• Work task: Where an image appears, leave it out; otherwise repeat the data exactly.
Dataset section Block Start
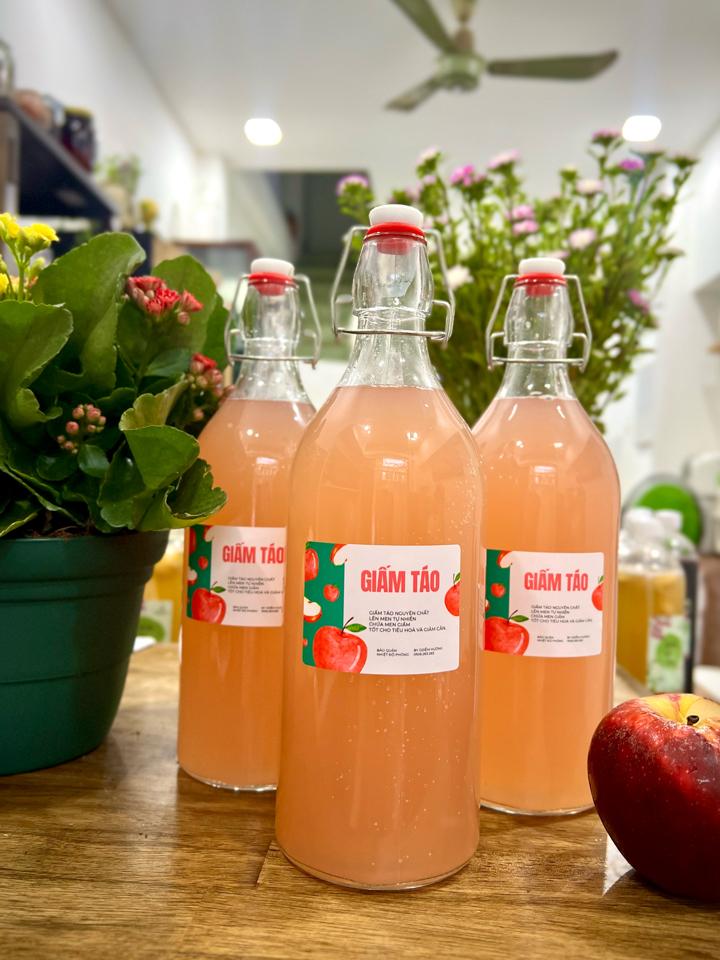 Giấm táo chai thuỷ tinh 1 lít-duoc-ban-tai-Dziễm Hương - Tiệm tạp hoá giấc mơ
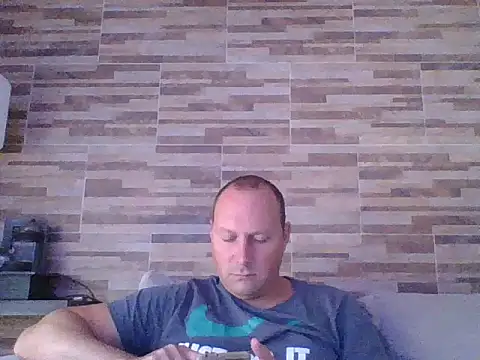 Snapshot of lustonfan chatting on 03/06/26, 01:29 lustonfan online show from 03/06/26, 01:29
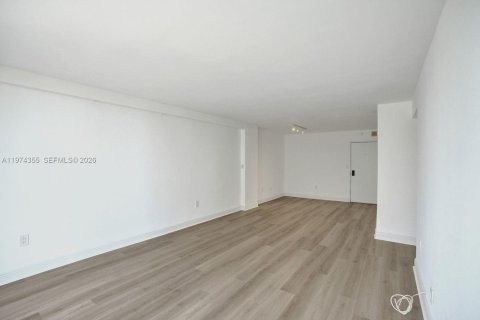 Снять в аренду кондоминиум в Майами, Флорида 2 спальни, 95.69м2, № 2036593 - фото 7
Dataset section Block End
• Expected answer:
 Giấm táo chai thuỷ tinh 1 lít-duoc-ban-tai-Dziễm Hương - Tiệm tạp hoá giấc mơ
 Snapshot of lustonfan chatting on 03/06/26, 01:29 lustonfan online show from 03/06/26, 01:29
 Снять в аренду кондоминиум в Майами, Флорида 2 спальни, 95.69м2, № 2036593 - фото 7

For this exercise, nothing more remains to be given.